Abstract
We present herein the use of nanoporous anodic alumina (NAA) as a suitable support to implement “molecular gates” for sensing applications. In our design, a NAA support is loaded with a fluorescent reporter (rhodamine B) and functionalized with a short single-stranded DNA. Then pores are blocked by the subsequent hybridisation of a specific cocaine aptamer. The response of the gated material was studied in aqueous solution. In a typical experiment, the support was immersed in hybridisation buffer solution in the absence or presence of cocaine. At certain times, the release of rhodamine B from pore voids was measured by fluorescence spectroscopy. The capped NAA support showed poor cargo delivery, but presence of cocaine in the solution selectively induced rhodamine B release. By this simple procedure a limit of detection as low as 5 × 10−7 M was calculated for cocaine. The gated NAA was successfully applied to detect cocaine in saliva samples and the possible re-use of the nanostructures was assessed. Based on these results, we believe that NAA could be a suitable support to prepare optical gated probes with a synergic combination of the favourable features of selected gated sensing systems and NAA.
Highlights
The combination of different inorganic solids with organic compounds has resulted in the preparation of an almost unlimited number of new supports with a wide range of new functionalities
Advantage of nanoporous anodic alumina (NAA) over other systems for cargo release is that their structure is stable and does not degrade or erode in aqueous solutions, which may contribute to the development of robust reproducible devices, most of them for biosensing applications[29,30,31]
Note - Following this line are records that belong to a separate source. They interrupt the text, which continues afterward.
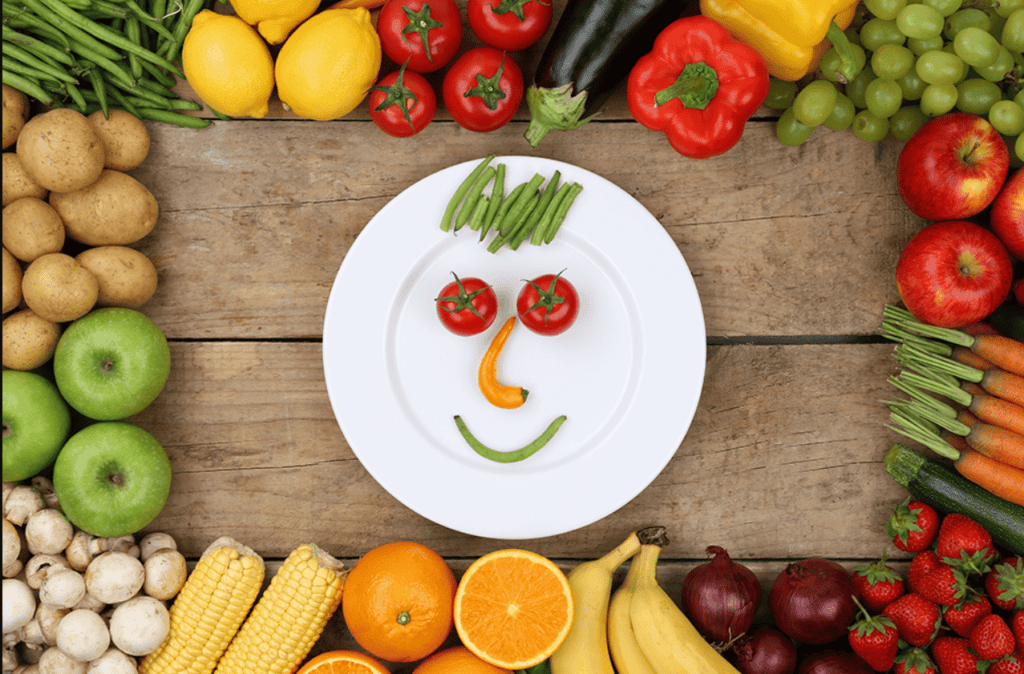 vegetable and fruits table with smile
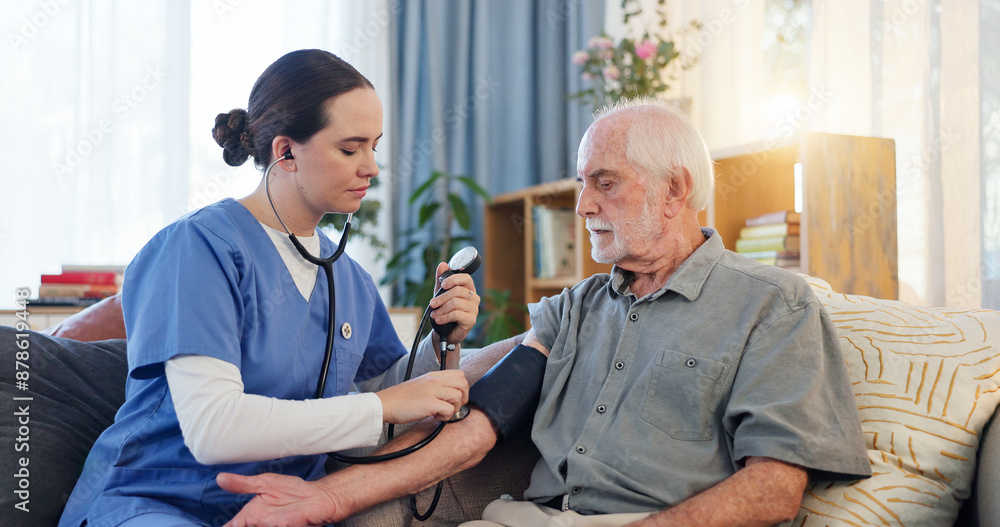 Nurse, senior man and test for blood pressure, heart beat and monitor wellness for hypertension. Home, old patient and caregiver with medical examine, cardiology and stethoscope on sofa in lounge Nurse, senior man and test for blood pressure, heart beat and monitor wellness for hypertension. Home, old patient and caregiver with medical examine, cardiology and stethoscope on sofa in lounge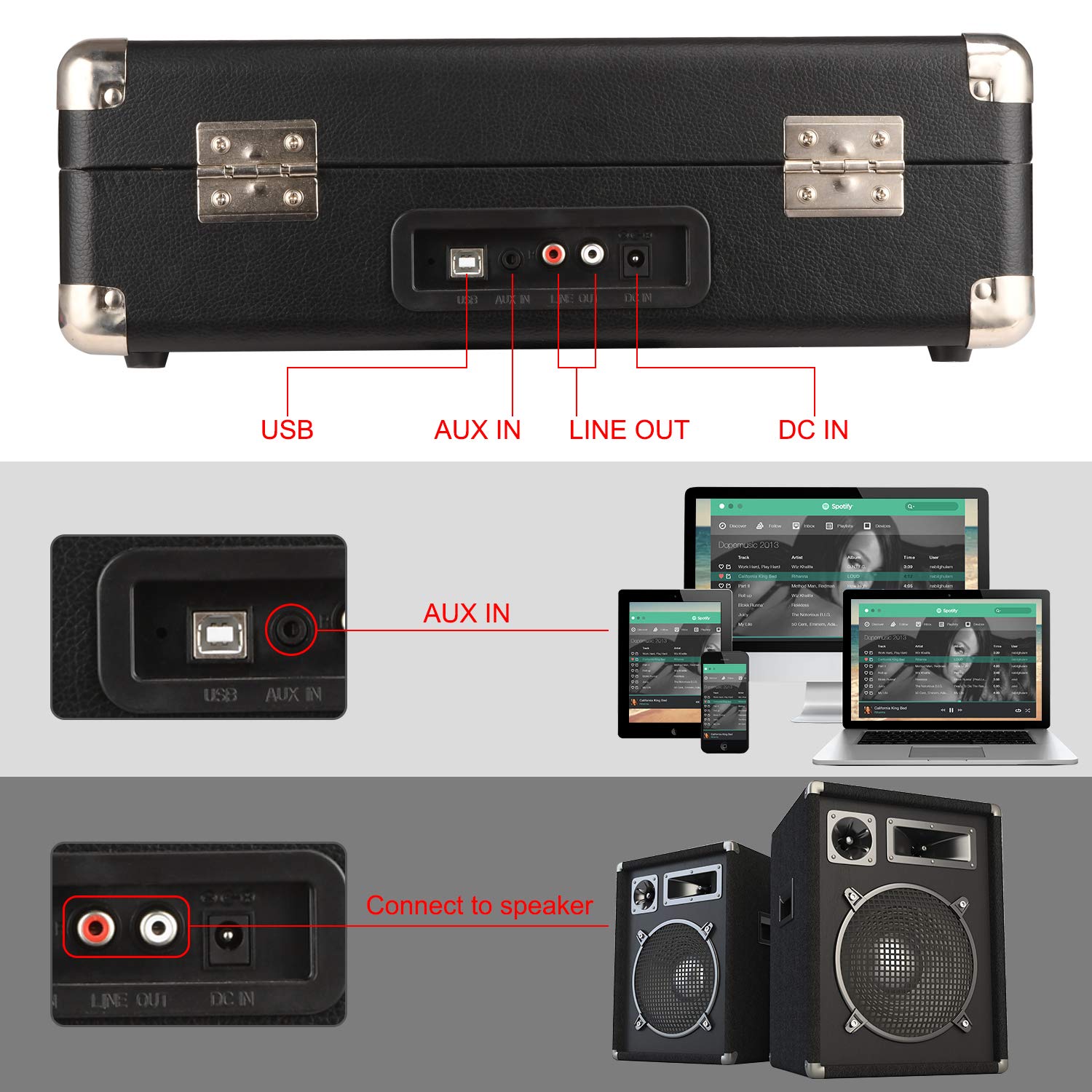 DIGITNOW Turntable Record Player 3speeds with Built-in Stereo Speakers, Supports USB / RCA Output / Headphone Jack / MP3 / Mobile Phones Music Playback,Suitcase Design(Black)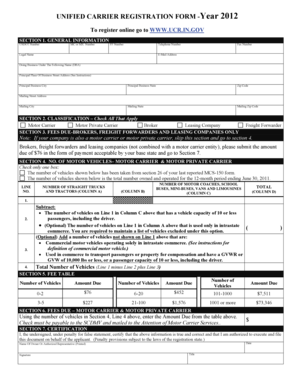 Unified Carrier Registration Form 2012
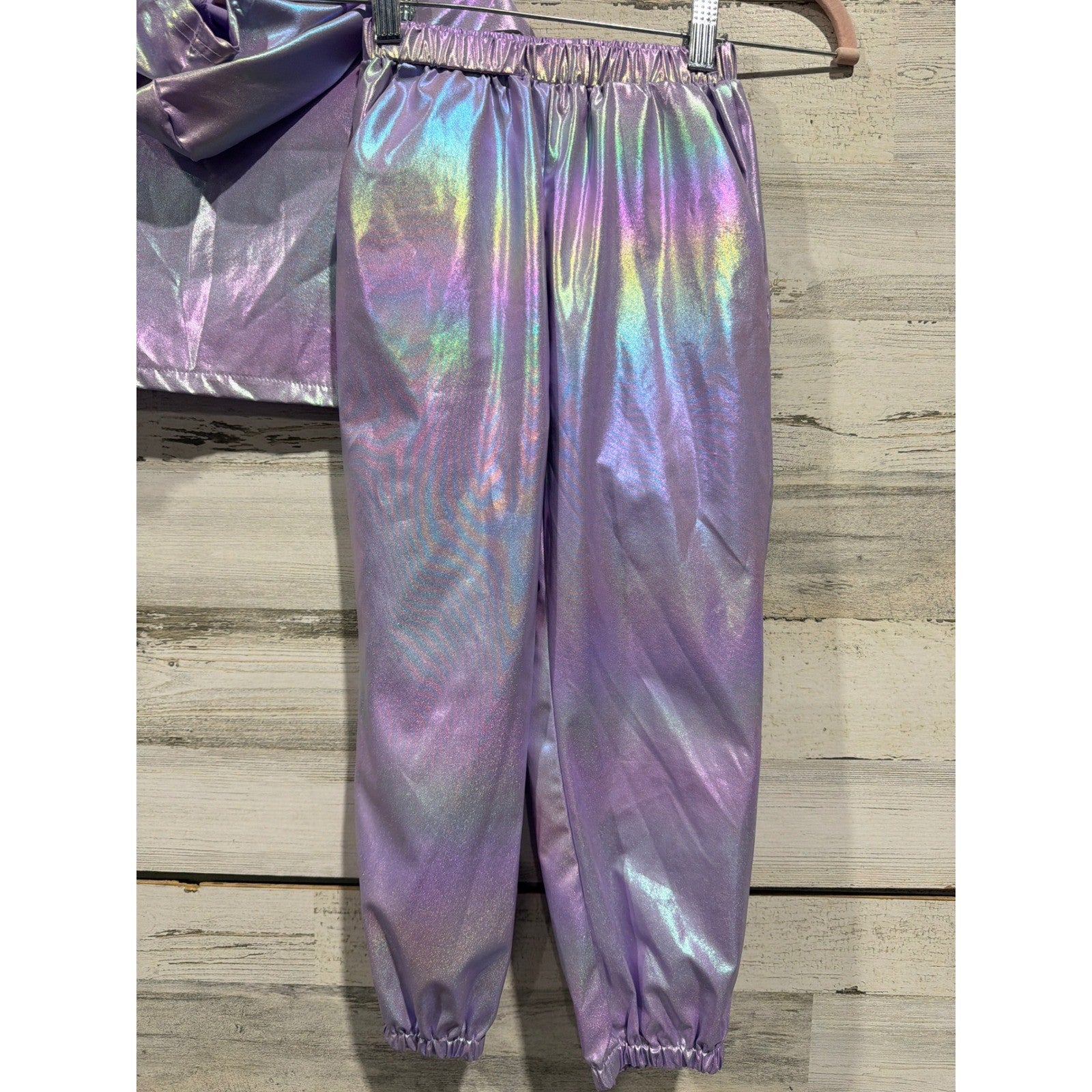 Jogger Set Girls 7 Purple Iridescent Metallic Holographic EUC3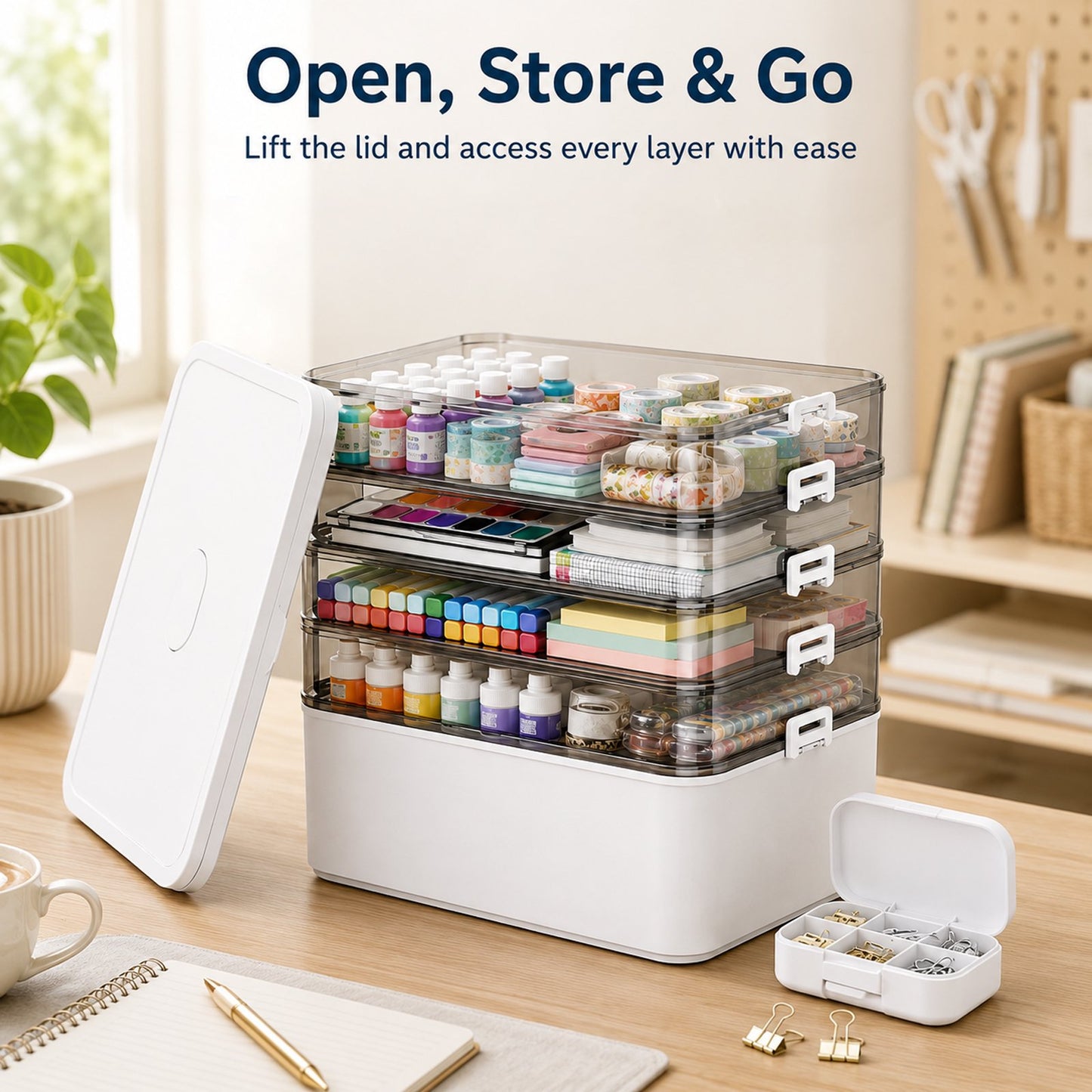 5-Tier Portable Medicine Box with Handle, Medicine Storage Box Organizer, Medication Organizer with Removable Tray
The NAA support was obtained according to reported procedures[55]
Summary
Preparation and characterization of the sensing support. The NAA support was obtained according to reported procedures[55]. The FESEM images of the S3 support clearly showed the presence of an organic layer that covered most pores The presence of this organic layer evidenced the suitable consecutive loading, functionalization and capping steps, while the visualisation of the porous framework in certain areas (see the arrow in Fig. 2b) confirmed the preservation of the nanoporous structure in S3. As depicted, the release of rhodamine B from S4 in the absence (Fig. 3, curve c) and presence of cocaine (Fig. 3, curve d) was the same as that obtained for support S3 in the absence of the analyte This result confirmed the requirement of using a specific cocaine-aptamer to cap the NAA support pores to prepare selective probe S3. In another step, the response of S3 to different concentrations of cocaine was studied.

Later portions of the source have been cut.